— Your instructions —
Set down exactly, from the records below, the line with "So really we" through the line with "This is a brand", and nothing else.

— Study material —
/---

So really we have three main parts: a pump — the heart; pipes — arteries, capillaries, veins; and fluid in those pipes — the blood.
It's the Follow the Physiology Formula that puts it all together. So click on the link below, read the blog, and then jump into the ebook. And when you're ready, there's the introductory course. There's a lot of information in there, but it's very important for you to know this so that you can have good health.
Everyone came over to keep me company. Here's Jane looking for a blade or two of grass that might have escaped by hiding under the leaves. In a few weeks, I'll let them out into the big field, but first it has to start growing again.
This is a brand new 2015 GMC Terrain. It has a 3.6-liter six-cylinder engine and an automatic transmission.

\---
/---

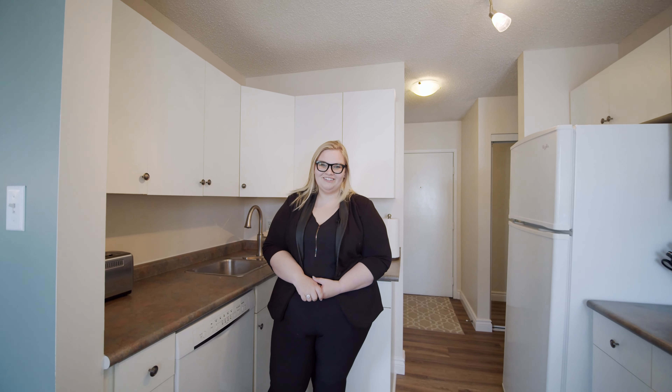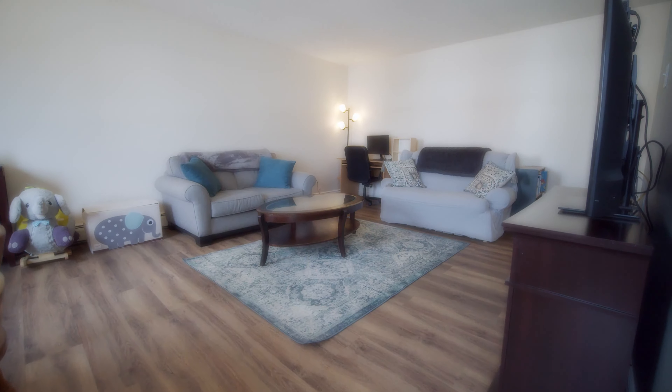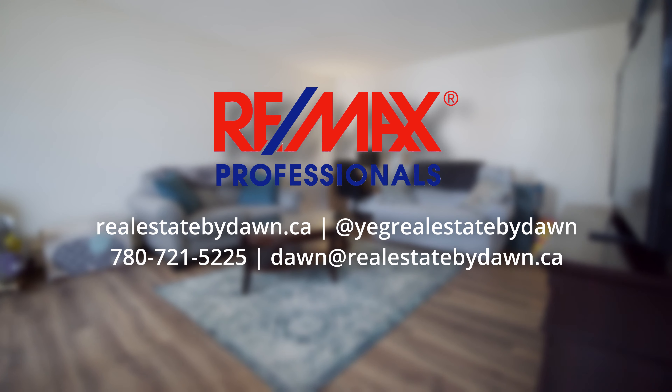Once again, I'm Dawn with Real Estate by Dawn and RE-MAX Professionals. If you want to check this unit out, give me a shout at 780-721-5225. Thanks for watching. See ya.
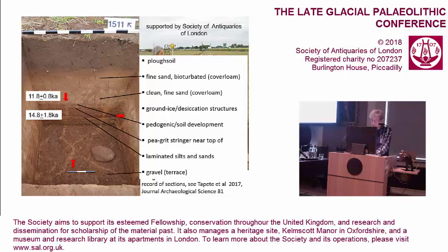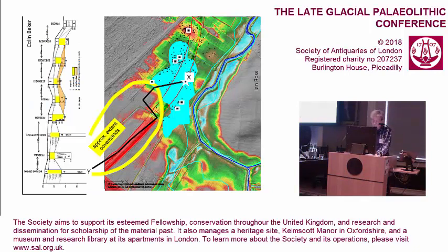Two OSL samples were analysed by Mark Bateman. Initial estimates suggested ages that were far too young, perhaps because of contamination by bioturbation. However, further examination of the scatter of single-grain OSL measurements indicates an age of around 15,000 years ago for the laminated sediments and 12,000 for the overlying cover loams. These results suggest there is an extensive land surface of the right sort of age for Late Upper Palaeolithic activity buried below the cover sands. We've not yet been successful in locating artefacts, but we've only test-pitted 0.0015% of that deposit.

\---
/---

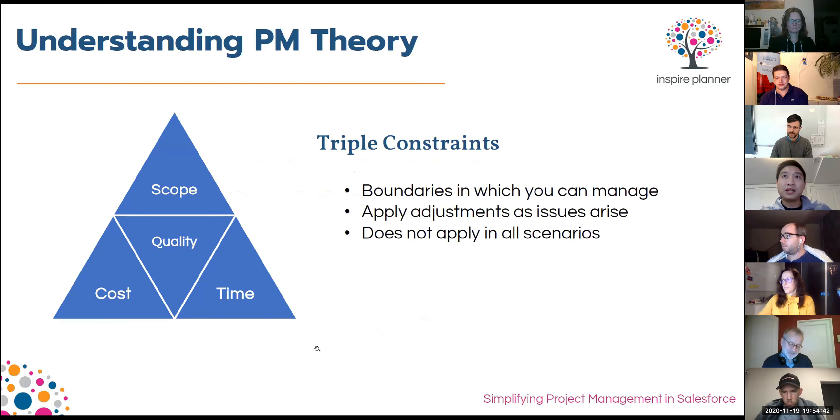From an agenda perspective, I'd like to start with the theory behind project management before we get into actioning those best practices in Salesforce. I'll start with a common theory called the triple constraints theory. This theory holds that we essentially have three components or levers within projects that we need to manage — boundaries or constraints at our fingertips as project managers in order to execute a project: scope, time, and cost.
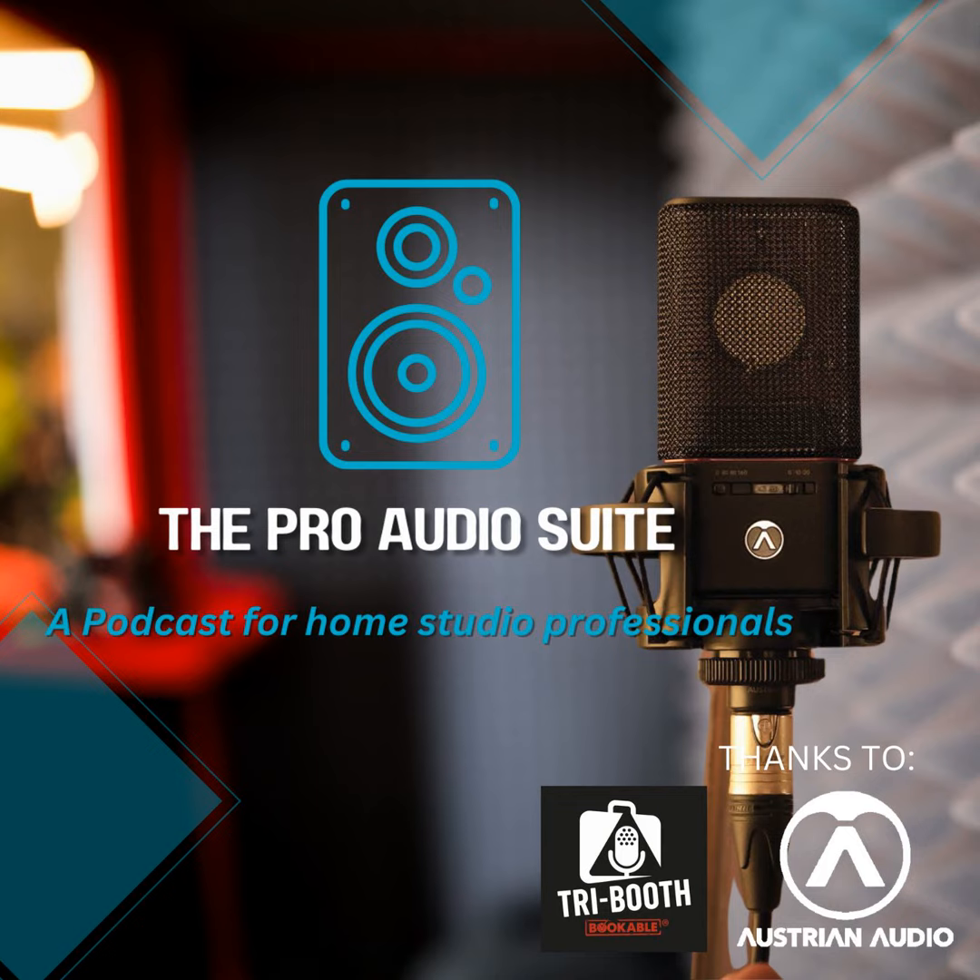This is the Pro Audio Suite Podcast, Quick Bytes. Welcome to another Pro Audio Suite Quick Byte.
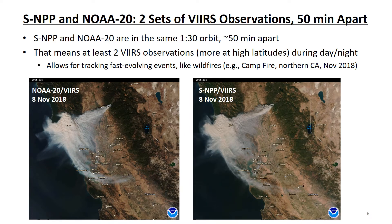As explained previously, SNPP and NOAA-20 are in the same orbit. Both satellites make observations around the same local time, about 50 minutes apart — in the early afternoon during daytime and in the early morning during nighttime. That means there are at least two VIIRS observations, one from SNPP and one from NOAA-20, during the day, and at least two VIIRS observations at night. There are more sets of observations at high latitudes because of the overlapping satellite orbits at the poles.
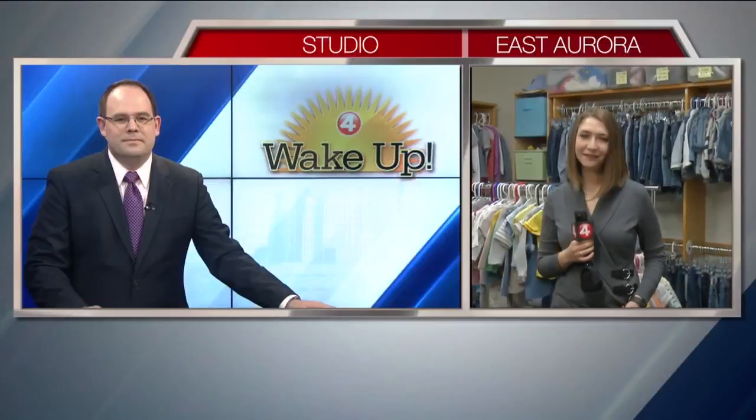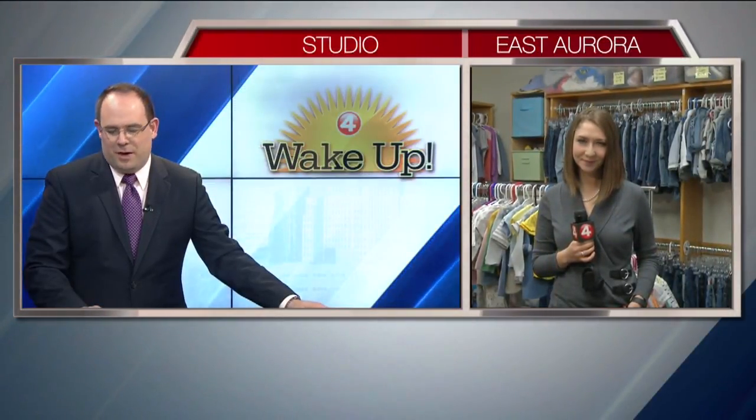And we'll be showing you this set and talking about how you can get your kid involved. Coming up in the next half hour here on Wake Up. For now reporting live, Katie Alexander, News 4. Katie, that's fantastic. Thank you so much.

\---

— Written answer —
So really we have three main parts: a pump — the heart; pipes — arteries, capillaries, veins; and fluid in those pipes — the blood.
It's the Follow the Physiology Formula that puts it all together. So click on the link below, read the blog, and then jump into the ebook. And when you're ready, there's the introductory course. There's a lot of information in there, but it's very important for you to know this so that you can have good health.
Everyone came over to keep me company. Here's Jane looking for a blade or two of grass that might have escaped by hiding under the leaves. In a few weeks, I'll let them out into the big field, but first it has to start growing again.
This is a brand new 2015 GMC Terrain. It has a 3.6-liter six-cylinder engine and an automatic transmission.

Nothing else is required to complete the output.